O que parecia ser uma vitória tranquila da Inglaterra — que abriu 4 a 0 ainda no primeiro tempo — virou um pesadelo defensivo no segundo tempo, forçando o time de Thomas Tuchel a suar sangue para segurar o resultado contra uma França que, liderada por Kylian Mbappé, quase realizou um milagre épico.
O roteiro da loucura
O jogo foi definido por picos de intensidade avassaladores. A Inglaterra dominou os primeiros 45 minutos com uma precisão cirúrgica, enquanto a França, em seu adeus ao técnico Didier Deschamps, mostrou uma resiliência ofensiva poucas vezes vista, mesmo com a fragilidade defensiva exposta.

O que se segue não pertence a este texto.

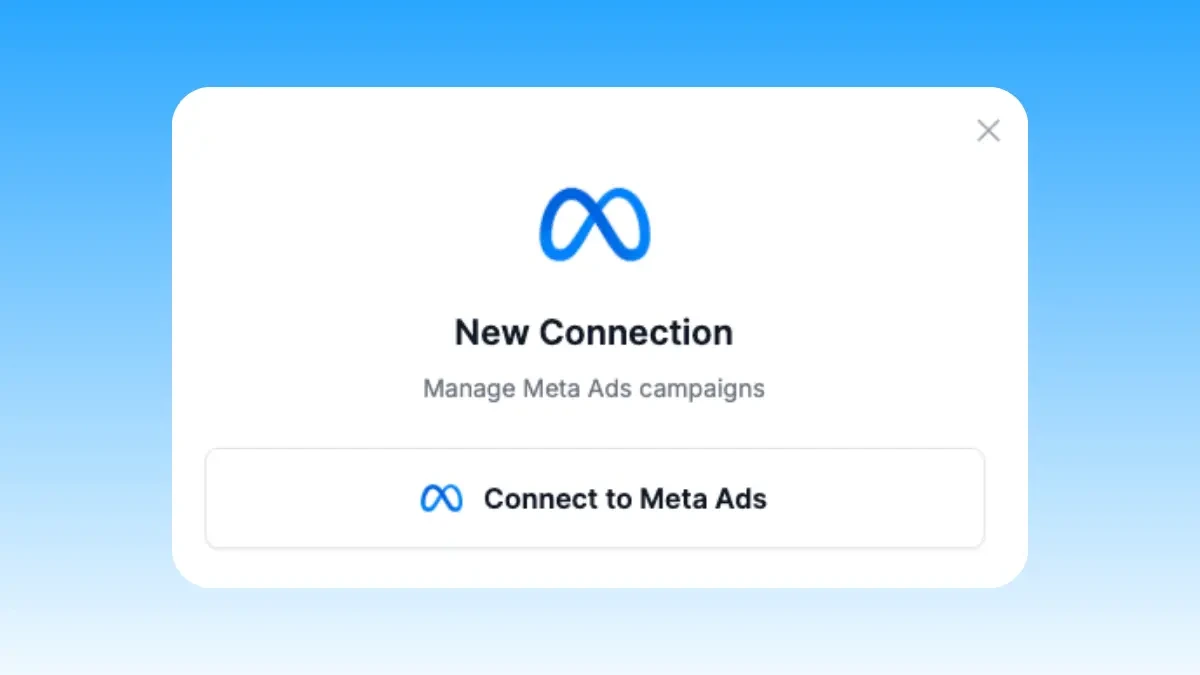 Markifact dialog with a Connect to Meta Ads action
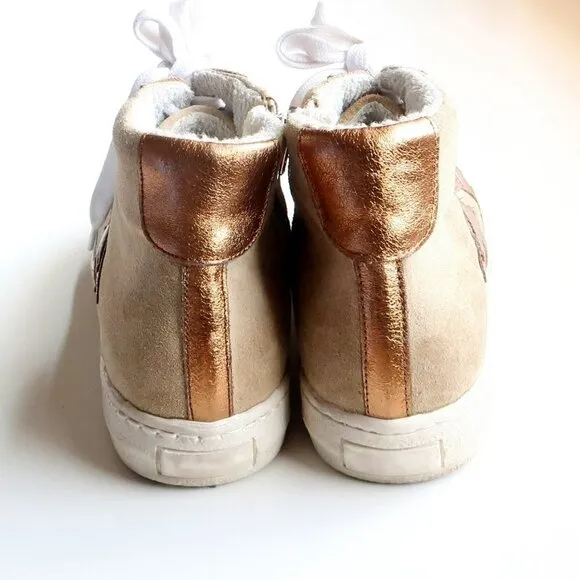 The Shoe Box Beige Suede &amp; Brown Leather High Top Sneakers Lace-up w Star 8.5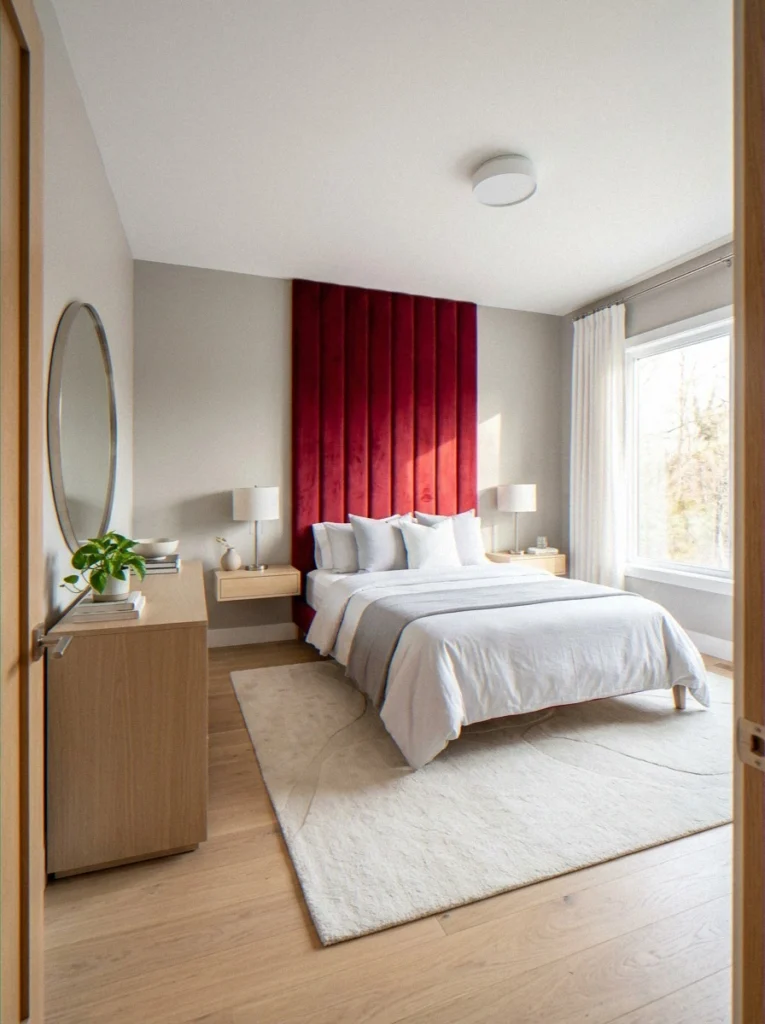 Ruby Red Velvet Headboard
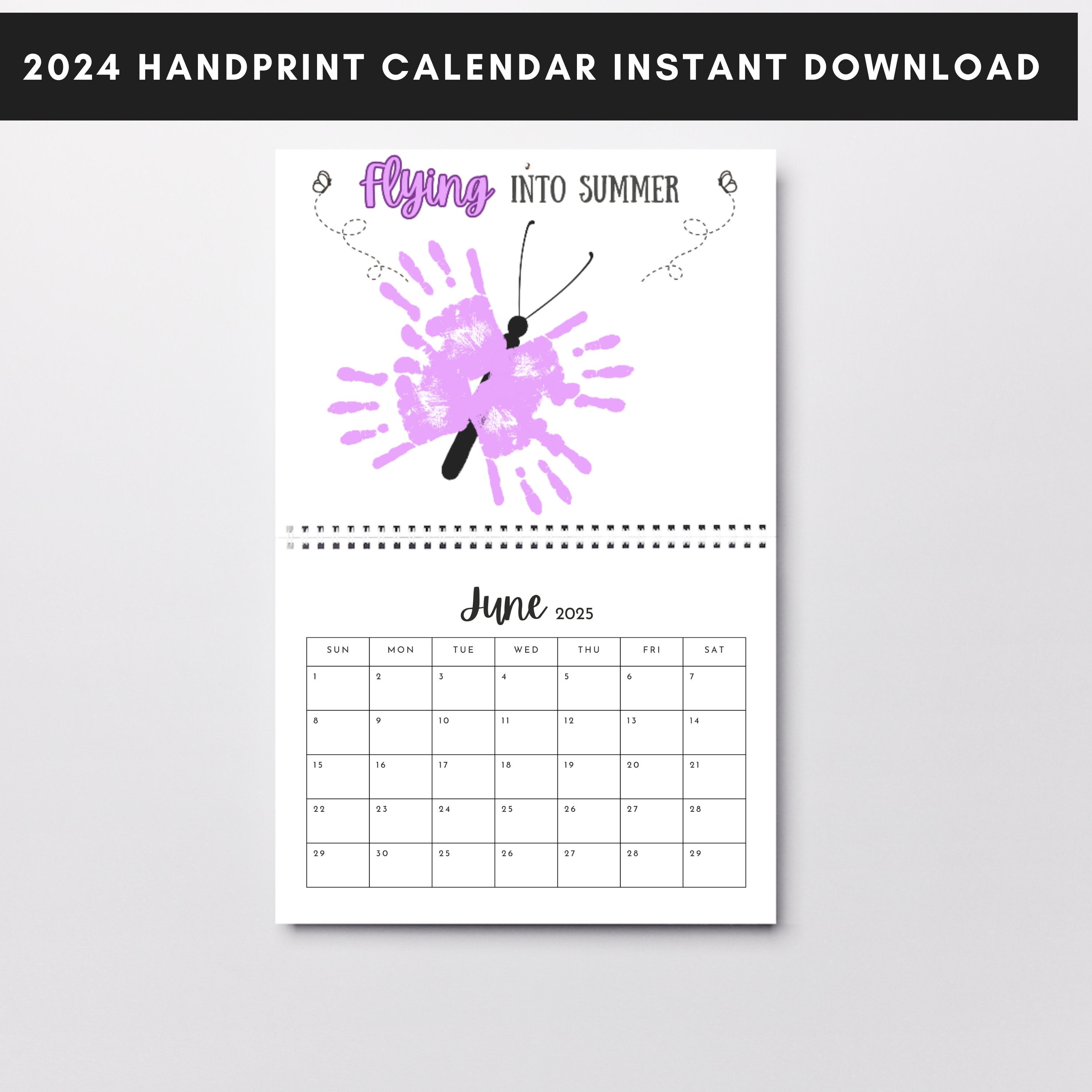 Printable Handprint Art 2024 Calendar Handprint Keepsake From Child to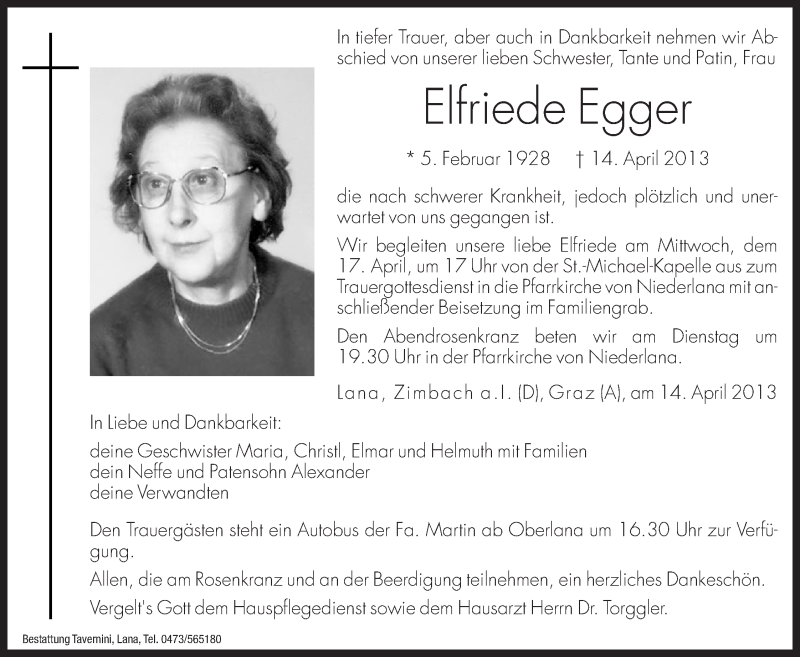 Traueranzeigen von Elfriede Egger | Trauer.bz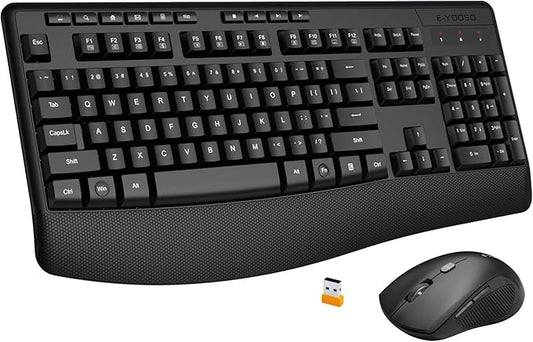 E-YOOSO Wireless Quiet Ergonomic Keyboard and Mouse Combo with Wrist Rest,Keycap Silent Design 90% Less Noise,2.4GHz 104 Keys Full Size,2400 DPI Mouse,for PC Computer/Laptop/Mac/Tablet,Black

A cronologia de uma partida inesquecível:
- Domínio total inglês: O primeiro tempo foi uma demonstração de força da Inglaterra, com
- Declan Rice, Ezri Konsa e Bukayo Saka (duas vezes) construindo uma vantagem de 4 a 0 que parecia irreversível.
- O ressurgimento francês: Logo após o intervalo, a França voltou transfigurada. Mbappé (aos 48′ e 66′) e Bradley Barcola (aos 53′) iniciaram uma blitz que reduziu o placar para 4 a 3, forçando um “correcalles” frenético.
- O drama final: A Inglaterra freou a reação francesa com um gol de pênalti de Bukayo Saka aos 87′, completando seu hat-trick. Ainda houve tempo para Ousmane Dembélé diminuir novamente aos 96′, mas Jude Bellingham, aos 98′, sacramentou o 6 a 4 final.
Os protagonistas do show
O placar de 6 a 4 reflete o desempenho individual de grandes nomes que justificaram o investimento de cada minuto de atenção do torcedor:
- Bukayo Saka (Inglaterra): O nome do jogo. Com um hat-trick decisivo, foi o motor da goleada inglesa e o carrasco da defesa francesa.
- Kylian Mbappé (França): Despediu-se do torneio com dois gols e o status de maior artilheiro da história das Copas, mas sai frustrado com a derrota coletiva.
- Michael Olise (França): Mesmo na derrota, o meia francês igualou a marca histórica de Pelé ao registrar sua 6ª assistência em uma única edição de Mundial.
O legado da despedida
O apito final encerra o ciclo de Didier Deschamps à frente dos Bleus após 14 anos de trabalho. A derrota, embora dolorosa, foi digna da grandeza do futebol francês, que lutou até o último suspiro. Para a Inglaterra, a medalha de bronze vem acompanhada de uma atuação que reafirma o talento ofensivo da equipe de Thomas Tuchel, apesar das oscilações defensivas que quase colocaram o título de 3º lugar a perder.
O Miami Stadium hoje não entregou apenas um vencedor; entregou um espetáculo que será lembrado como a “loucura de julho” no Mundial de 2026.